Aresearch team led by Professor Dina Katabi at MIT present a system called Chronos that enables a single WiFi access point to locate users to within tens of centimeters, without any external sensors.
A new wireless technology developed by MIT researchers could mean safer drones, smarter homes, and password-free WiFi. The team developed a system that enables a single WiFi access point to locate users to within tens of centimeters, without any external sensors. They demonstrated the system in an apartment and a cafe, while also showing off a drone that maintains a safe distance from its user with a margin of error of about 4 centimeters.
Experiments conducted in a two-bedroom apartment with four occupants show that Chronos can correctly identify which room a resident is in 94 percent of the time. For the cafe demo, the system was 97 percent accurate in distinguishing in-store customers from out-of-store intruders - meaning it could be used by small businesses to prevent non-customers from stealing their WiFi. (32 percent of Americans have copped to this cyber-crime.)
Chronos locates users by calculating the “time-of-flight” that it takes for data to travel from the user to an access point. The system is 20 times more accurate than existing systems, computing time-of-flight with an average error of 0.47 nanoseconds, or half than one-billionth of a second.
Existing localization methods have required four or five WiFi access points. This is because today’s WiFi devices don’t have wide enough bandwidth to measure time-of-flight, and so researchers have only been able to determine someone’s position by triangulating multiple angles relative to the person.
What Chronos adds is the ability to calculate not just the angle, but the actual distance from a user to an access point, as determined by multiplying the time-of-flight by the speed of light.
Wi-Fi lets you hop on different frequency channels, the team programmed the system to jump from channel to channel, gathering many different measurements of the distance between access points and the user.
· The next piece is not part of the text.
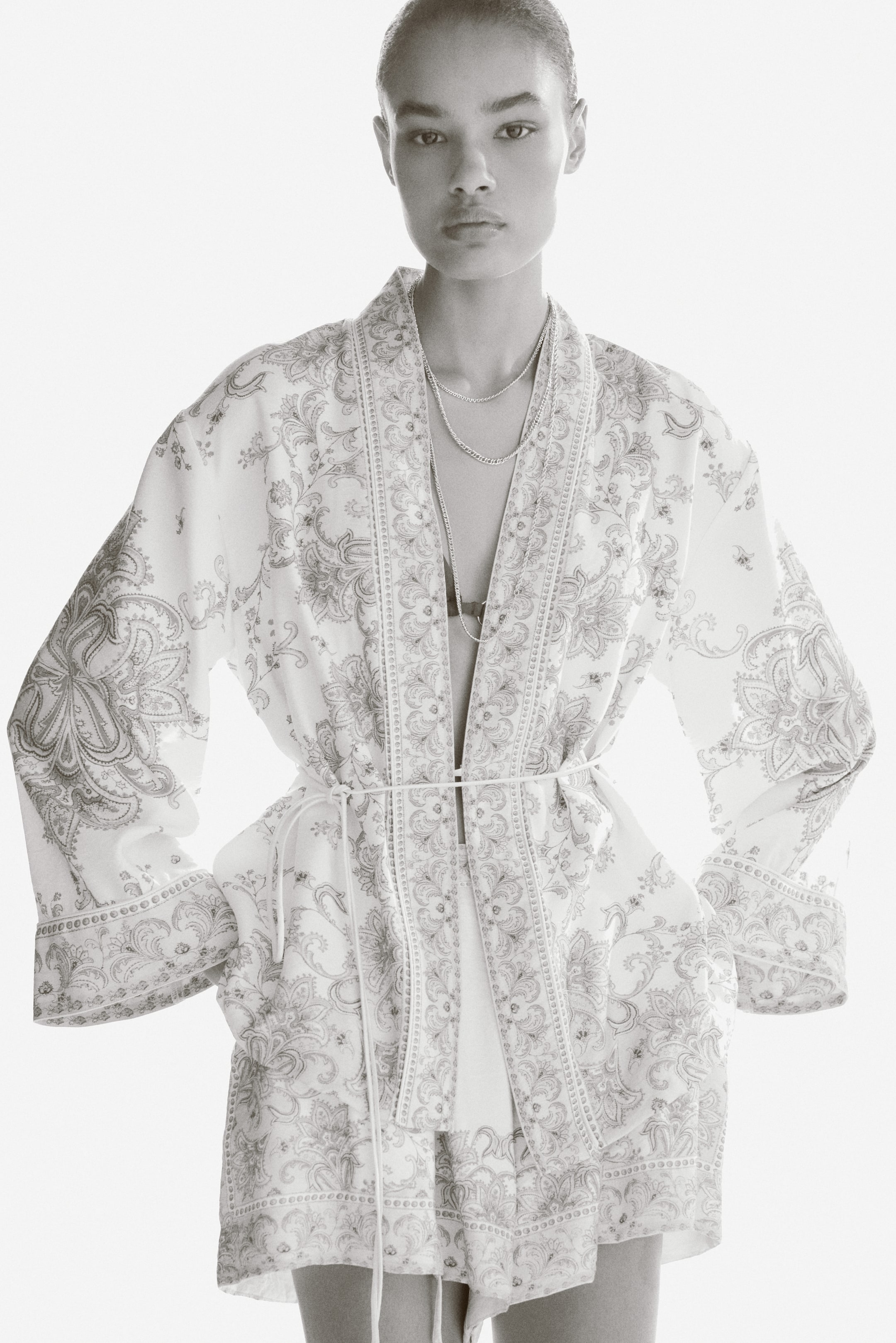 View larger image: The model is showcasing a viscose-blend blazer adorned with an all-over print and accented by narrow piping. This blazer boasts a wrapover front, dropped shoulders, and long, wide sleeves. It is elegantly cinched at the waist with a spaghetti tie belt, worn over a coordinating top and matching shorts.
Chronos then automatically “stitches” together these measurements to determine the distance.
Chronos technogoy rapidly hop across these channels that span almost one gigahertz of bandwidth, Chronos can measure time-of-flight with sub-nanosecond accuracy, emulating with commercial WiFi what has previously needed an expensive hardware.
The success of Chronos suggests that WiFi-based positioning could help for other situations where there are limited or inaccessible sensors, like finding lost devices or controlling large fleets of drones.